A lot of the advice you get from Google that you need SEO - and SEO in general - is pretty good. Much of the focus is on making your site accessible, creating content for readers, and avoiding certain things that violate their guidelines (these are risky tactics).

However, most of the recommendations that Google offers are in the interest of Google users and / or Google businesses, so not everything that Google recommends is in the interest of your business.

Just because Google is introducing a new algorithm update, SERP view, or product feature doesn’t necessarily mean you need to rearrange your to-do list right away to jump to the latest ad.

So what is the better approach?

Understanding what Google says and what it emphasizes in search results is helpful and important, but make good business and marketing decisions. Don't review your site or delay important activities just because you're posting the latest news referenced / sneezed by Webmaster Central this week.
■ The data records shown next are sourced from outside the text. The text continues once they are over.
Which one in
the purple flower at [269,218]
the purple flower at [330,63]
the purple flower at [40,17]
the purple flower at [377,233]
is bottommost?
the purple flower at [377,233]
  1. Glamorous blog syndrome

Also, many marketers and business owners have some tactical ACCESSORIES when it comes to their approach to SEO.

I like a good case study of SEO as well as the next, but a tactic that worked for someone else may not work on your site. It may also work well for your site, but it’s less effective than other things you might spend your time on.

For example, clearing out very specific glitches and minor page speed improvements can have huge benefits for a massive site with high traffic, quality content and links, but it probably won't help your five-page B2B SaaS site which has almost no links and has mostly organic brand traffic.

Likewise, a strategy or tactic that results in a 50 percent increase in traffic to a site that brings 10,000 unique visitors per month may not have the same impact on a site that already attracts hundreds of thousands of unique visitors and is pursuing growth. Stepping function.

So what's the best approach?

Appreciating the case studies and following what your competitors are doing is great, but take them with a grain of salt and try to contextualize the tactics you learn and observe. Your competitors may be implementing tactics that work great for them, but not for you, and this clever SEO case study may have worked well on another site, but it may not be worth throwing out your SEO strategy.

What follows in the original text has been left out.